Suppose we have a decreasing sequence defined in the following way. First consider a random number generator \(R\) that takes a non-negative integer, \(n\), as input and returns one of \(\{0,1,...,n-1\}\), the choice being made uniformly at random. Now pick some integer \(x_0\) and define a sequence of \(x_i\) by the recurrence relation:
\[x_i = R(x_{i-1}) \qquad i \geq 1\]Clearly the sequence is strictly decreasing. Moreover it has some finite, non-deterministic running time (\(x_i=0\) is an absorbing state). How long do we expect it to run for, given some (large) initial integer seed \(x_0\)?

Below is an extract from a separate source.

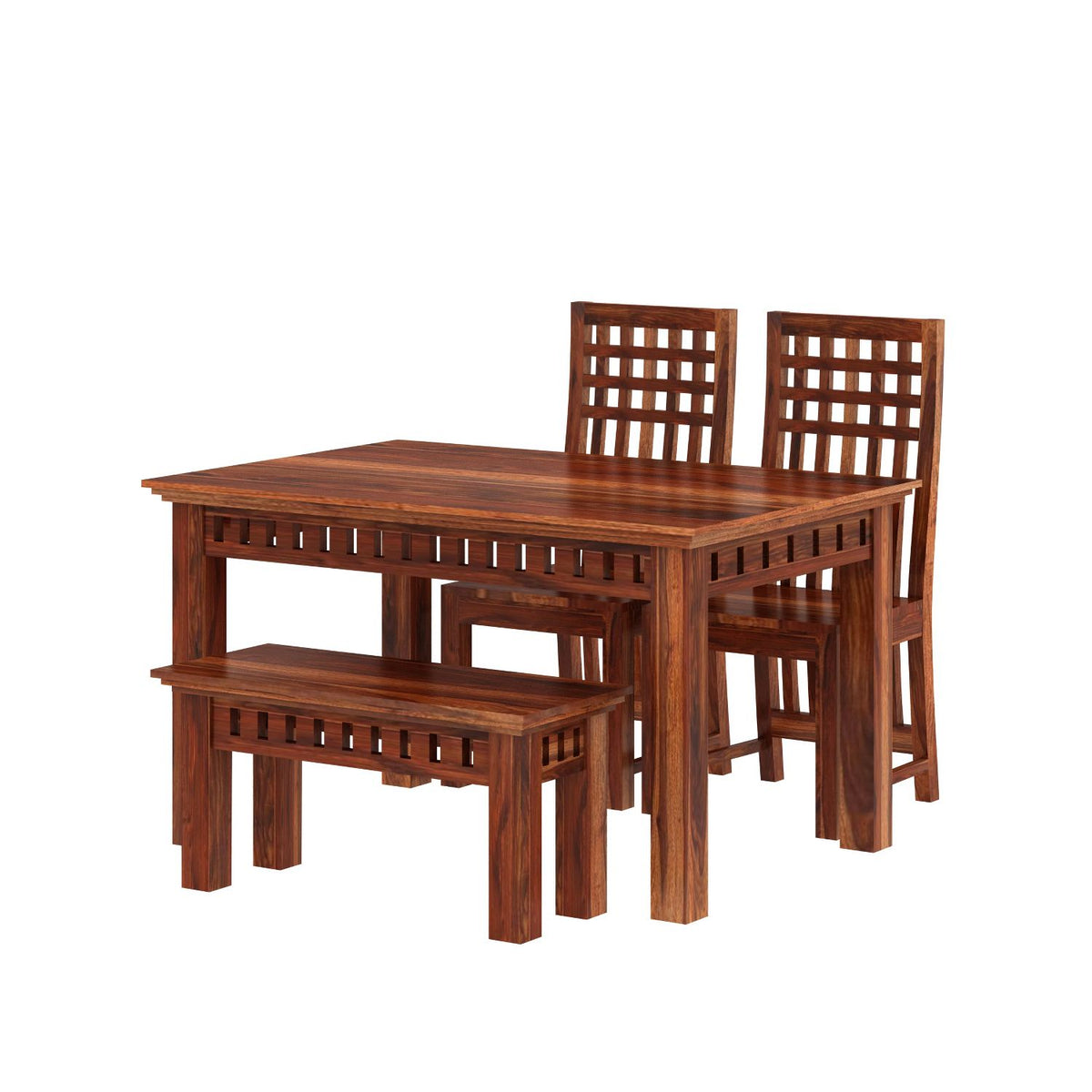 Amer Solid Sheesham Wood 4 Seater Dining Table With 2 Chairs And 1 Bench (Without Cushion, Natural Finish)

We can solve this fairly rapidly using the tower rule. Let us call \(\mathcal{E}_r\) the expected running time for \(x_{0} = r\). Then
\[\begin{equation} \begin{aligned} \mathcal{E}_{N} &= 1 \cdot \frac{1}{N} + \frac{1}{N} \sum_{k=1}^{N-1} (1 + \mathcal{E}_k) \\ & = 1 + \underbrace{\frac{1}{N} \sum_{k=1}^{N-1} \mathcal{E}_k}_{\mathcal{S}_{N-1}} \end{aligned} \end{equation}\]The labelled term \(S_N\) has a rather simple recursion relation itself,
\[\begin{equation} \begin{aligned} \mathcal{S}_{m-1} &= \frac{1}{m} \sum_{k=1}^{m-1} \mathcal{E}_k \\ &= \frac{1}{m} \mathcal{E}_{m-1} + \frac{m-1}{m} \frac{1}{m-1}\sum_{k=1}^{m-2} \mathcal{E}_k \\ &= \frac{1}{m} (1 + \mathcal{S}_{m-2}) + \frac{m-1}{m} \mathcal{S}_{m-2} \\ \implies \mathcal{S}_{m-1} &= \frac{1}{m} + \mathcal{S}_{m-2} \end{aligned} \end{equation}\]\(\mathcal{S}_1 = \frac{1}{2}\), so we can clearly see that \(\mathcal{S}_m = \sum_{k=2}^{m+1} \frac{1}{k}\) which gives us \(\mathcal{E}_{x_0} = \sum_{k=1}^{x_0} \frac{1}{k}\). For large initial seed this is \(\approx \log(x_0)\).